Entre la entrega de la FEIN y la firma de la hipoteca hay un margen legal pensado para algo muy concreto: que puedas leer, comparar y detectar si las condiciones encajan con lo que te han prometido. En España, ese tiempo no es un formalismo; marca cuándo puedes pasar por la notaría y qué documentación debe llegar cerrada para que la operación siga adelante. Aquí te explico cuánto dura ese plazo, cómo se cuenta y qué cosas lo pueden alargar o reiniciar.
Lo esencial que debes saber antes de firmar la hipoteca
- El mínimo general es de 10 días naturales entre la entrega de la FEIN y la firma.

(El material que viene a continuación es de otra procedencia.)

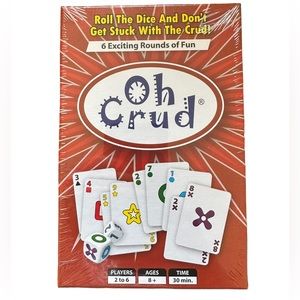 Oh Crud Card and Dice Game, Family Card Game for 2-9 Players, Strategy Card Game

- La visita al notario debe hacerse al menos un día antes de la escritura.
- Los días naturales cuentan todos: sábados, domingos y festivos no se excluyen.
- La FEIN es vinculante para el banco, así que no debería cambiar las condiciones sin más.
- Si cambian de forma sustancial las condiciones, el plazo puede reiniciarse.
- En Cataluña puede haber un margen más amplio, así que conviene revisar el caso concreto.
Qué fija realmente la FEIN antes de la firma
La FEIN, la Ficha Europea de Información Normalizada, no es un papel orientativo ni un resumen comercial. Es la oferta vinculante de la entidad: recoge las condiciones de tu hipoteca y obliga al banco a respetarlas durante el plazo pactado, que como mínimo debe ser de 10 días naturales. Según el Banco de España, esa documentación tiene que entregarse con antelación suficiente para que puedas revisar la operación con calma y tomar una decisión informada.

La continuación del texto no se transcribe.